- _YOUR GOAL_
Report back each line of the data that contains the word "White".

[PROVIDED RECORDS — start]

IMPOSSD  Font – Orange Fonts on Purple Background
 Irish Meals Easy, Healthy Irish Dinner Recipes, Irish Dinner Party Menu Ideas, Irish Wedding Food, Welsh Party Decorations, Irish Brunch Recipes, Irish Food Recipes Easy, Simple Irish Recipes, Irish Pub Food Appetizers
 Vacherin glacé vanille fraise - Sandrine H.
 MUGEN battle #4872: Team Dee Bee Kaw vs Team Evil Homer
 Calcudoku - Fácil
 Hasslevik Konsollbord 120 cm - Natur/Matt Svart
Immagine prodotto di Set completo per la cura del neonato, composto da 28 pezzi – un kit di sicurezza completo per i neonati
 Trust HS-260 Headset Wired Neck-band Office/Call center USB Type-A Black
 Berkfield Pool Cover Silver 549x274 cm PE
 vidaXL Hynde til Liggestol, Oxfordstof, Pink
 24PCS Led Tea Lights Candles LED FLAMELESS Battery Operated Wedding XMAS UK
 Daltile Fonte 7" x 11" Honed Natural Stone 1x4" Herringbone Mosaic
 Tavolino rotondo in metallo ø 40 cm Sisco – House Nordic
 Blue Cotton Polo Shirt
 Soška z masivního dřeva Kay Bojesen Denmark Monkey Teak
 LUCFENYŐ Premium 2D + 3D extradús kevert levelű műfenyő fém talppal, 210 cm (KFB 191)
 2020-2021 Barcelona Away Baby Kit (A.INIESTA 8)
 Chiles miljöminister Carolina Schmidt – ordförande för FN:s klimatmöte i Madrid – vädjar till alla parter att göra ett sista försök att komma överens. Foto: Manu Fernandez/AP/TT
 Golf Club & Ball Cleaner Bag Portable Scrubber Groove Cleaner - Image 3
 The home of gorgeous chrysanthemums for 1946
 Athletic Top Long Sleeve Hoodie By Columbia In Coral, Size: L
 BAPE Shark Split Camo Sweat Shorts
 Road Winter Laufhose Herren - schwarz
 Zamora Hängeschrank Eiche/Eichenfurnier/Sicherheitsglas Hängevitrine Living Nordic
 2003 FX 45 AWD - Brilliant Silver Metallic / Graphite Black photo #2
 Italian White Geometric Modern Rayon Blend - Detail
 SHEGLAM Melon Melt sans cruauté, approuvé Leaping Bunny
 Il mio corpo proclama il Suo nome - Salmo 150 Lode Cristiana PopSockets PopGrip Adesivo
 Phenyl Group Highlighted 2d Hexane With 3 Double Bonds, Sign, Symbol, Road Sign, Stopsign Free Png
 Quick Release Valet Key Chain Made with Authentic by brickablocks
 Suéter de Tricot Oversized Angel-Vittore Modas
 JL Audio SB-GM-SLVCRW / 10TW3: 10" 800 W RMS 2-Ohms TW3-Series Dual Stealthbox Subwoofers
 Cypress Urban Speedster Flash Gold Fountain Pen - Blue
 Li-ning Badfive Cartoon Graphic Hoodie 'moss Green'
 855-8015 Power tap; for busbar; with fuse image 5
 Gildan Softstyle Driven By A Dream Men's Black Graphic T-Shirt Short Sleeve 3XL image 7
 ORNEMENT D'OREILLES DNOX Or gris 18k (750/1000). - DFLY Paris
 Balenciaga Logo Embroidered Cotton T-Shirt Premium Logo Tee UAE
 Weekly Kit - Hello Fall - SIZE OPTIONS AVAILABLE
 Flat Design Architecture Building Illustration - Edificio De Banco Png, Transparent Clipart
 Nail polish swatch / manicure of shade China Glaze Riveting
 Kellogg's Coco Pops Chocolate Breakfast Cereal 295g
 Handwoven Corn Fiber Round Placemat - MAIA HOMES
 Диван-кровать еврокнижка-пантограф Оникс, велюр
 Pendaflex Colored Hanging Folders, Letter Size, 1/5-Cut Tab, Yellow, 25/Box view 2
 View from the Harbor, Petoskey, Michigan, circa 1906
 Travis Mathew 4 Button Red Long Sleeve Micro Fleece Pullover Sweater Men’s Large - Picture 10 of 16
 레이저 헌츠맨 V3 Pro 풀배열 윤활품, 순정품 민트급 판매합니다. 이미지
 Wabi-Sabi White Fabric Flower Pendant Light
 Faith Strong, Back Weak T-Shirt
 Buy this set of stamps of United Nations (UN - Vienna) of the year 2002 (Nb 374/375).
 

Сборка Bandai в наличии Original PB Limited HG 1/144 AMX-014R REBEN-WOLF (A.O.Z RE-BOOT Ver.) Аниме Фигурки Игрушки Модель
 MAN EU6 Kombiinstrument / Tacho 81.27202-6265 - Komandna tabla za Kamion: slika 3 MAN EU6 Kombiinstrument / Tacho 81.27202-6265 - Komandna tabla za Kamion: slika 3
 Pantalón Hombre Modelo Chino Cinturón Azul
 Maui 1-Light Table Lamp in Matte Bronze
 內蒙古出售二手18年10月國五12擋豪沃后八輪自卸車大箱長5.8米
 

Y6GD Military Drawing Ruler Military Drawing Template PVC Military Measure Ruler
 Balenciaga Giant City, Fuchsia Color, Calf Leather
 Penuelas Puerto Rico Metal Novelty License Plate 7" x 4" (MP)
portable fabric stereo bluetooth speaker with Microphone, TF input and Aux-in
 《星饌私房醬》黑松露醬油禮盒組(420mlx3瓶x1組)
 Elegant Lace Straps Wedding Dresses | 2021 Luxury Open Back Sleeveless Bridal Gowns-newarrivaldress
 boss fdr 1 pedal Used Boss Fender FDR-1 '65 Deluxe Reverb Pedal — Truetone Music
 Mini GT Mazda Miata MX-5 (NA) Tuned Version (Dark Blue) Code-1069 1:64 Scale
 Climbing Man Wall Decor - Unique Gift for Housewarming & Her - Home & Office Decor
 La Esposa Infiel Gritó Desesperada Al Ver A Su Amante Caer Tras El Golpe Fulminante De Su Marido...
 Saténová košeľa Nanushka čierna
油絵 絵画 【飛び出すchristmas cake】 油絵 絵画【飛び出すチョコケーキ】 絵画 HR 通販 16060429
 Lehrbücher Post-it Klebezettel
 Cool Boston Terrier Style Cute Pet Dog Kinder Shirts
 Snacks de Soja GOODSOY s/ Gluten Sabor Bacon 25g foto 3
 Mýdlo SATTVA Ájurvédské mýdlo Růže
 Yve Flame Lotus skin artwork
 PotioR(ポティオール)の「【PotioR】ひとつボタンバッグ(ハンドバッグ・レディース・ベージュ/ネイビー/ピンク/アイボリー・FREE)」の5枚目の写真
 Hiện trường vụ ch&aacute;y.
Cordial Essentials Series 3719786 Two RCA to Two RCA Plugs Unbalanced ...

[PROVIDED RECORDS — finish]

- _YOUR SOLUTION_
 Italian White Geometric Modern Rayon Blend - Detail
 Wabi-Sabi White Fabric Flower Pendant Light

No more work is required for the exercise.